Directly I set foot in my own house again, I had Miss Emma into the parlour, and showing her the state that my gown was in, all through her abominable stupidity, I told her that she really was so dangerous a blockhead to have near one, that although I wouldn’t thrust her into the wide world without a place to put her head in that night, still she would be pleased to quit my service first thing in the morning--which I took very good care she did.

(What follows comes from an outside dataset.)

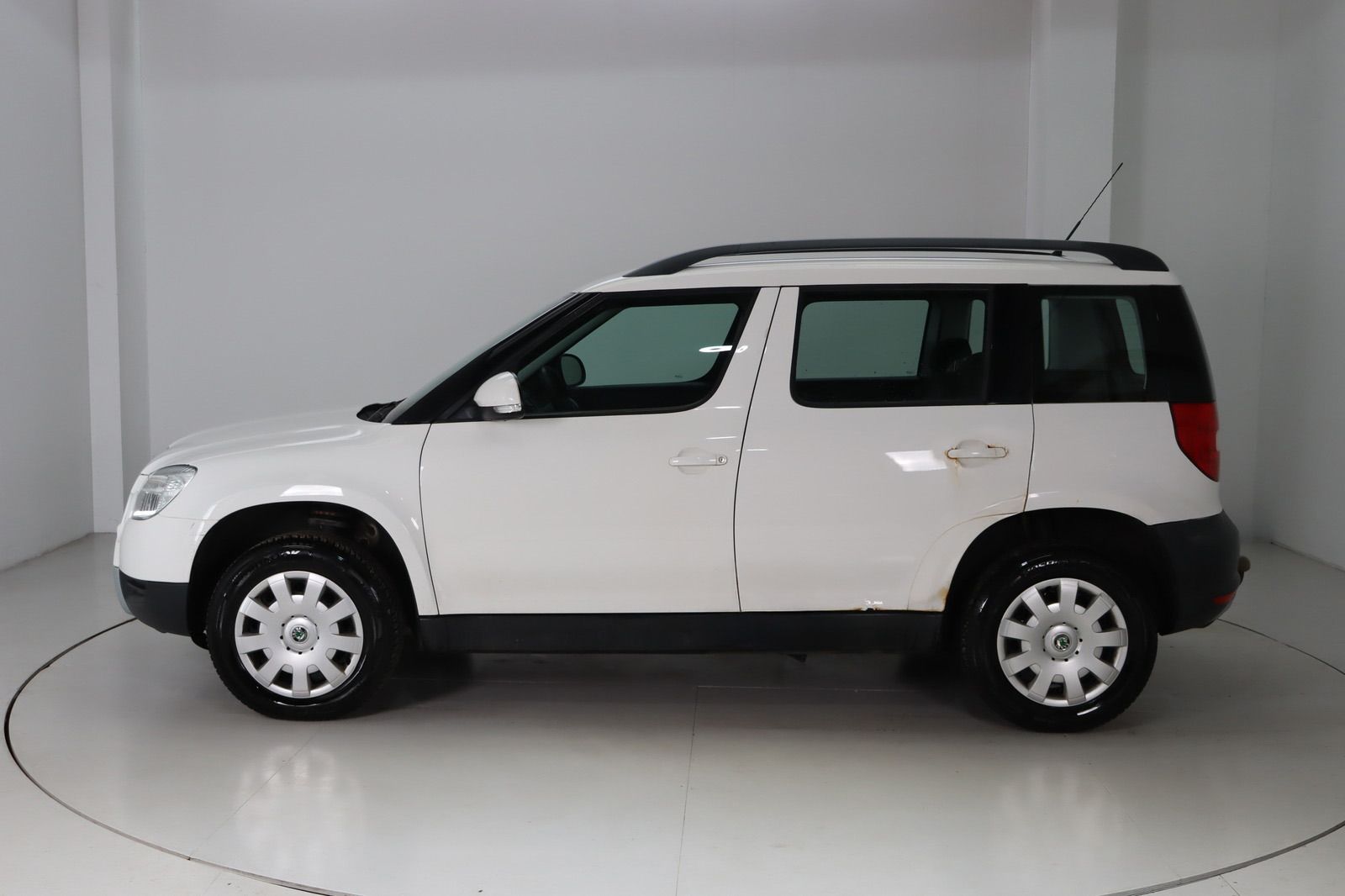 Fahrzeugabbildung SKODA Yeti 2.0 TDI 4x4 * Klima * Anhängerk.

And thus ended my acquaintance with Miss Emma, and I very naturally made a vow that the next woman I had in my service should have some little learning in her head, at least. Though positively, it was only jumping out of the frying-pan into the fire, for when the other creature came in she was, if possible, harder to put up with than the good-for-nothing hussey that I had just turned out of the house. Bless us and save us! if her head wasn’t crammed brim full of trumpery penny novels and rubbishing romantic melo-dramas. Was there ever such a woman--a great big, fat thing, with a currant-jelly complexion, and always marching about the house with a broom in her hand, either fancying herself “ADA THE BETRAYED,” or “AMY,” in “LOVE AND MADNESS”--or else sitting for hours, after the parlour dinner was over, all among the dirty plates and dishes, with her feet on the fender, crying her eyes out, over “THE MURDER AT THE OLD SMITHY,” or “THE HEADS OF THE HEADLESS,” just, for all the world, as you see her in the picture,--which I will tell the gentle reader all about in the next chapter--and a pretty chapter of accidents it will be--for, of all the plagues of servants I ever had anything to do with, that woman certainly was the greatest, and she got me into _one_ scrape, that I’m sure I shall never forget to my dying hour--but more of this hereafter.